Along with increased milk production a decline in dairy cow fertility was seen in the 90ies and in the beginning of this century, especially in Holsteins. For this reason it has been a strong interest in selection to improve fertility. In this PhD project Amabel demonstrated that “novel” endocrine fertility traits derived from in-line milk progesterone concentrations are more heritable than classical fertility traits. Moreover, it was shown that in-line milk progesterone combined with genomics is the best way to improve the underlying physiological traits for fertility in dairy cows. However, for an economic breeding goal the classical measures are effective since these are recorded on a much larger scale.
Improved reproductive performance has a substantial effect on the longevity of cow and overall profitability of dairy cattle farming. Unfortunately, the low heritability of classical fertility traits derived from calving and insemination data makes genetic improvement by traditional animal breeding slowly. Therefore, there is an interest in finding measures of fertility that have a higher heritability or using genomic information to aid genetic selection for fertility. Endocrine fertility traits based on progesterone concentration records in milk have been widely accepted as valid indicators for fertility because they and are not biased by farm management decision and more directly reflect a cows’ reproductive physiology than classical fertility traits. However, the use of endocrine traits in routine genetic evaluations has been constrained by the high cost associated with collecting progesterone records on sufficient number of animals. Nonetheless, in-line technology like the Herd Navigator now exists to automatically measure progesterone concentration during milking, enabling sampling of more animals at reasonable cost.

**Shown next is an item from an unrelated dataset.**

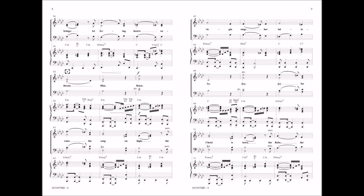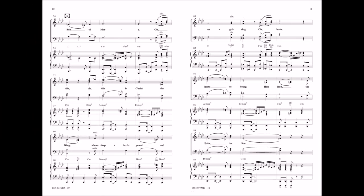Raise, raise the song on high. The Virgin sings her lullaby. Joy, joy for Christ is born, the babe, the son of Mary.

In this thesis, the use of milk progesterone concentrations and genomic information was explored to improve genetic selection for fertility in dairy cattle using in-line milk progesterone records. Several endocrine traits were heritable, and showed a reasonable repeatability. The Genome-wide association study identified 17 regions associated with endocrine fertility traits, Fine-mapping target regions for the endocrine traits on BTA 2, and 3 confirmed the QTL from the genome-wide association study, and identified several associated variants that can contribute to an index of markers for genetic improvement of fertility. Several potential candidate genes underlying endocrine fertility traits were also identified in the target regions.
The potential of different phenotyping strategies to improve accuracy of genomic prediction for fertility with endocrine fertility traits was investigated. The accuracy of genomic prediction, was substantially improved when endocrine and classical fertility traits were combined in multi-trait genomic prediction. The results showed that for prediction of fertility, there is no benefit of investing in a cow reference population when the breeding goal is based on classical fertility traits. However, when considering a more biological breeding goal for fertility like C-LA, accuracy is substantially improved when endocrine traits are available from a limited number of farms. Evaluation of the potential accuracy of across country genomic prediction showed that when the training population from one country (e.g., Sweden) is small, substantial increase in accuracy can be achieved by adding animals from another country (e.g., Netherlands), however, the accuracy was highly dependent on the genetic correlation between countries. Recording strategies that optimally use the Herd Navigator of for genomic prediction, in terms of, the number of farms, and recording period for endocrine traits were investigated. The results showed that for genomic prediction of fertility using C-LA, it is more important to have more animals with C-LA records than more C-LA records per animal. Moreover it was recommended to establish phenotyping labs where animals are phenotyped in batches to collect as many phenotypes as possible on expensive novel traits for genomic prediction.